To advance his claims, Anton misrepresents the debate surrounding the inclusion of those four words. Most of the arguments centered on whether Native Americans were to be given citizenship, given treaty obligations entered into between the United States and Indian tribes. Yet Anton focuses instead on a rather short discussion of which persons born to foreign-born parents would be included. In the process, he misquotes Sen. Jacob Howard of Michigan, who proposed the clause, claiming Howard said that “persons born in the United States who are foreigners, aliens, [or] who belong to the families of ambassadors or foreign ministers” should not be granted birthright citizenship.

Anton’s rendering is clever, dishonest, and used by virtually all defenders of this distorted interpretation of the 14th Amendment. Sen. Howard did not utter the word “or,” as Anton’s use of brackets in his Washington Post piece acknowledges. Taking “or” out of the phrase completely changes its meaning. Without “or,” the phrase does not exclude all foreigners and aliens (the latter word included in apposition to foreigners as a simple synonym) but only those who belong to diplomats’ families, a matter of long-established practice. Furthermore, Anton and others who use the same misquote abridge the Howard quotation to leave out the rest of Howard’s statement that citizenship “will include every other class of persons born in the United States.”

Though the discussion on this topic was relatively short, it did reflect some of the anti-immigrant animus of the era. The “Know Nothing” movement had made immigration a major issue in political campaigns a decade earlier and anti-immigrant sentiment was still widespread at the time of the debate. In language eerily foreshadowing today’s ugly rhetoric on immigration, Sen. Edgar Cowan of Pennsylvania objected to the Amendment, because it would give birthright citizenship to children born to: “people who invade her borders; who owe to her no allegiance; who pretend to owe her none; …who pay no taxes; who never perform military service; who do nothing, in fact, which becomes the citizen.” Cowan’s specific reference was to “Gypsies,” but he also inveighed against the dangers of giving citizenship to children born to members of “the Mongolian race,” or “by a flood of Australians, or people of Borneo, man-eaters or cannibals, if you please….”
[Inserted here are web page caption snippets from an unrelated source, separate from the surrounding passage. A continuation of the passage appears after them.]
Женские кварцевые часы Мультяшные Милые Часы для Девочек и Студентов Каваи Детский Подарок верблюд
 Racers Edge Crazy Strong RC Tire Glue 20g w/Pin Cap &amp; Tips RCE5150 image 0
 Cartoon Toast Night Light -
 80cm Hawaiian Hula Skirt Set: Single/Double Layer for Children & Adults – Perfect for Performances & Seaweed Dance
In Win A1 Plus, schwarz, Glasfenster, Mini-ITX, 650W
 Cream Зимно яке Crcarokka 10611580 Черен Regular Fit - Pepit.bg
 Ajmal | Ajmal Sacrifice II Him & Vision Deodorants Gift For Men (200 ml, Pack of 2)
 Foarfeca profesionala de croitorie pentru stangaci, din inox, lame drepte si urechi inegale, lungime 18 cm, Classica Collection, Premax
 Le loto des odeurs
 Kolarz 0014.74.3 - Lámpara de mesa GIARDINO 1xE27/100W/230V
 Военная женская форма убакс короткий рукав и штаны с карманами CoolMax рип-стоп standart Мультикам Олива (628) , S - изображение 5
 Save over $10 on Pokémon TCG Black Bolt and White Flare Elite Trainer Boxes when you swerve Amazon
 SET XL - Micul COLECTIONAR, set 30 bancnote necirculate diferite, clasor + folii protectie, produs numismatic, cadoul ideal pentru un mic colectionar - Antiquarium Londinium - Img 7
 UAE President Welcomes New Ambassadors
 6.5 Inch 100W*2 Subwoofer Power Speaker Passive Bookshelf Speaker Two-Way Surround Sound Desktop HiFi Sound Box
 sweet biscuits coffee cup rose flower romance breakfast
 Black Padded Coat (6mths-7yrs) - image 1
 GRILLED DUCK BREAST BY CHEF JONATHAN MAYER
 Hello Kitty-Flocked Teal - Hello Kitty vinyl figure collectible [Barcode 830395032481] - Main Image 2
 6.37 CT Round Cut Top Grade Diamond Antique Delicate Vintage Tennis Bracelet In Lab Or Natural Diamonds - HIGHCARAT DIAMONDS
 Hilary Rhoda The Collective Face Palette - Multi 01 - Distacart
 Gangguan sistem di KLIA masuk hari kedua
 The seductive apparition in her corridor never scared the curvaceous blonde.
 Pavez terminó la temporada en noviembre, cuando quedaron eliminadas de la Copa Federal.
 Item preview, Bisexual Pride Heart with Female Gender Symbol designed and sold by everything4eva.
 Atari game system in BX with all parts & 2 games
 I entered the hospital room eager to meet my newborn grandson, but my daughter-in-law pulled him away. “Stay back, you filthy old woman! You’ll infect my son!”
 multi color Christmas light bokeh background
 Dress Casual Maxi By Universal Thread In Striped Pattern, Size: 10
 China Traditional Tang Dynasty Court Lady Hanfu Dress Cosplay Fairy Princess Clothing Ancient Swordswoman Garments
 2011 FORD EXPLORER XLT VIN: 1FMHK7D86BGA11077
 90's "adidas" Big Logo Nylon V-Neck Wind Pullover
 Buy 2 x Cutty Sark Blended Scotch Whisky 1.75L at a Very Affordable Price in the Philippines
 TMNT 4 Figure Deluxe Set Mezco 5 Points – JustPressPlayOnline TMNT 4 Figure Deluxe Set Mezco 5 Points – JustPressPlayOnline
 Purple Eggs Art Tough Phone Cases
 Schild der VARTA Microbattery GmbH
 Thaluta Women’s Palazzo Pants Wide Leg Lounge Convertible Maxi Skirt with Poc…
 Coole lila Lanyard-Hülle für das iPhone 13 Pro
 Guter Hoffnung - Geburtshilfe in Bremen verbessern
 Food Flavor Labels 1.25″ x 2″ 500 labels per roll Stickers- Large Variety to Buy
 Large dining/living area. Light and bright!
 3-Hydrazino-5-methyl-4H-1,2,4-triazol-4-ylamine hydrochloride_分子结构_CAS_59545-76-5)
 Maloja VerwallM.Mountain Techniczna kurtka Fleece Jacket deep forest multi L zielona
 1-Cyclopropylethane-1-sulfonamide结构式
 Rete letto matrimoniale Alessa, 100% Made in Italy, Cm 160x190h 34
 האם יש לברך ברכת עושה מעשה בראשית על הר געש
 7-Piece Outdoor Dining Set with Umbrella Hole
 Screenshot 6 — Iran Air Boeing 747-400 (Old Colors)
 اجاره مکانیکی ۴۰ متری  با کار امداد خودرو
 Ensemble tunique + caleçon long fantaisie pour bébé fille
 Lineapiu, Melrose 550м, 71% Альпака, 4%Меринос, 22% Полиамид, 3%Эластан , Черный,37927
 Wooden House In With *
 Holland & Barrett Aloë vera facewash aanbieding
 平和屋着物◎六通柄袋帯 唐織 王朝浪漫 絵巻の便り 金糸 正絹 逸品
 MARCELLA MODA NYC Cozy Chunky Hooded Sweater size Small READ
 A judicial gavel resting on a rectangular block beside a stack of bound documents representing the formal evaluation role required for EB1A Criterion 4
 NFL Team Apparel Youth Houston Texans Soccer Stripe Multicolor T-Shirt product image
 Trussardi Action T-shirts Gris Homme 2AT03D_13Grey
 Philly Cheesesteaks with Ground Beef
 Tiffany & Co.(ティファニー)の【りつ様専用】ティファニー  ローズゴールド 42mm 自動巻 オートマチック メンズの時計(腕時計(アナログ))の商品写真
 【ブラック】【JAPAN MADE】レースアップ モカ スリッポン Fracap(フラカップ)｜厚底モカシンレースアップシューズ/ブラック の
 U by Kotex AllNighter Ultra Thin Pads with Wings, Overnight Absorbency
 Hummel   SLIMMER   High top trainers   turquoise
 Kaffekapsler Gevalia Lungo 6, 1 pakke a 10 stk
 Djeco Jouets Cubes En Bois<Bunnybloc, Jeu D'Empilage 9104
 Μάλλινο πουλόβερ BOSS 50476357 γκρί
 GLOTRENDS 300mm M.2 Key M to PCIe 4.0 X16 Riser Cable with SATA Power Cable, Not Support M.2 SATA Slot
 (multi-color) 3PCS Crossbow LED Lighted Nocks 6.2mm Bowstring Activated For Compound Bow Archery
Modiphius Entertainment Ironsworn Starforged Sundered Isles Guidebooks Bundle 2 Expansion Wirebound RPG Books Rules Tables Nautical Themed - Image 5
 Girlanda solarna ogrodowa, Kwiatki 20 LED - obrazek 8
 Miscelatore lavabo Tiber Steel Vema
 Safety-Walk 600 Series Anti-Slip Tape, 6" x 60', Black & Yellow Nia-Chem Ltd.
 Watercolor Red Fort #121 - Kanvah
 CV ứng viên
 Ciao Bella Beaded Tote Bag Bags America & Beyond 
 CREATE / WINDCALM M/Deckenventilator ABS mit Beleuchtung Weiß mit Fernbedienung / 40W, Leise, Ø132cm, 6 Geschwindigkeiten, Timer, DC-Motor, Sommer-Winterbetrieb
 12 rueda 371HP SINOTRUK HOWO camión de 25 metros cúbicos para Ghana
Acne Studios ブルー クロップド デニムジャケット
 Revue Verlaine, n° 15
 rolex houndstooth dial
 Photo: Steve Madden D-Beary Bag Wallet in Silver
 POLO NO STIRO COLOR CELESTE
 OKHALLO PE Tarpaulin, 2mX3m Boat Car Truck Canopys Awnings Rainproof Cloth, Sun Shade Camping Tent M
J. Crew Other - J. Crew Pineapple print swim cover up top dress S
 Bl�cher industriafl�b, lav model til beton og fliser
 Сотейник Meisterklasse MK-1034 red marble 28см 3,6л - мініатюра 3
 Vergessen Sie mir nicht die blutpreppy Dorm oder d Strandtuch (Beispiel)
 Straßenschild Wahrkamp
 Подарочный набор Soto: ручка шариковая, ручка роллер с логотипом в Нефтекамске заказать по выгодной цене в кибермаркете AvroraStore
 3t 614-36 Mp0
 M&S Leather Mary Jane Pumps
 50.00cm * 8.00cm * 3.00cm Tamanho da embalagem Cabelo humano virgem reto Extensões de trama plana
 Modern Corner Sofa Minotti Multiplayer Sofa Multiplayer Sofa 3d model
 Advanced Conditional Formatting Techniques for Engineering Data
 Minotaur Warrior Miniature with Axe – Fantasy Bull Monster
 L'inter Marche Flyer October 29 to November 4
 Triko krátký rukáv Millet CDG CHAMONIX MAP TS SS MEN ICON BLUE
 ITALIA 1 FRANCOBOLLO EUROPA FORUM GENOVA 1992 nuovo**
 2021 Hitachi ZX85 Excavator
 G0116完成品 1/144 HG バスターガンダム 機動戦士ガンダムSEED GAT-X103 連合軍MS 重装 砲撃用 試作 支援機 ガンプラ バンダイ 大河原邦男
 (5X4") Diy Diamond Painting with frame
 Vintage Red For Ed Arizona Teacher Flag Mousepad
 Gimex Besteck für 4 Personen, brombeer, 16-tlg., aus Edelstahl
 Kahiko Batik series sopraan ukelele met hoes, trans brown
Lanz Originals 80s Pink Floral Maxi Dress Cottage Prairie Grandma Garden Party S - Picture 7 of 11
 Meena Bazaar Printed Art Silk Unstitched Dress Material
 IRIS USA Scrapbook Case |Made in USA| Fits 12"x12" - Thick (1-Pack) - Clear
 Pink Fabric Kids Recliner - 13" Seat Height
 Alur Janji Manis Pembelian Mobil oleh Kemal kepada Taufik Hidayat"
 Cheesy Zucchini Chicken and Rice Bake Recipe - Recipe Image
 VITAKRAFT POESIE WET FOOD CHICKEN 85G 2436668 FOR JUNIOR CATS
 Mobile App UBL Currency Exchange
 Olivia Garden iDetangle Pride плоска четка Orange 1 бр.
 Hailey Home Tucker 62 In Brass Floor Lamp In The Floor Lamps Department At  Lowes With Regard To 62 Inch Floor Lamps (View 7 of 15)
Nonetheless, the Amendment’s supporters quickly shot down Cowan’s objections. Sen. John Conness of California noted, the purpose of the Amendment was this: “Here is a simple declaration that a score or a few score of human beings born in the United States shall be regarded as citizens, entitled to civil rights, to the right of equal defense, to the right of equal punishment for crime with other citizens; and that such a provision should be deprecated by any person having or claiming to have a high humanity passes all understanding and comprehension.” And others concurred, as Elizabeth Wydra details in her excellent summary “Born Under the Constitution: Why Recent Attacks on Birthright Citizenship are Unfounded.”

The Supreme Court has consistently upheld the 14th Amendment to guarantee citizenship to children born in the United States, including an acknowledgment by no less than the late Justice Antonin Scalia in his dissent in a terrorism-related case involving an accused born in the U.S. to a Saudi working as a petroleum engineer. Anton twists the most germane, Wong Kim Ark (1898), to suit his purpose. Contra Anton, Wong Kim Ark did not involve the right of a child born to “legal residents,” since no such distinction applied at the time Wong’s parents arrived in 1870. Wong’s parents were laborers who had lived in the U.S. for three years at the time of his birth and later returned to China after the passage of the Chinese Exclusion Act. In Wong Kim Ark, the Court rejected the very arguments being advanced by Anton and other opponents of birthright citizenship, citing the clause of the 14th Amendment on jurisdiction that Anton misinterprets.

Anton’s assertion, shared by other opponents of the 14th Amendment, that Congress, through simple legislation, and the President, through executive order, can deny citizenship to millions of Americans is an astounding assault on the Constitution.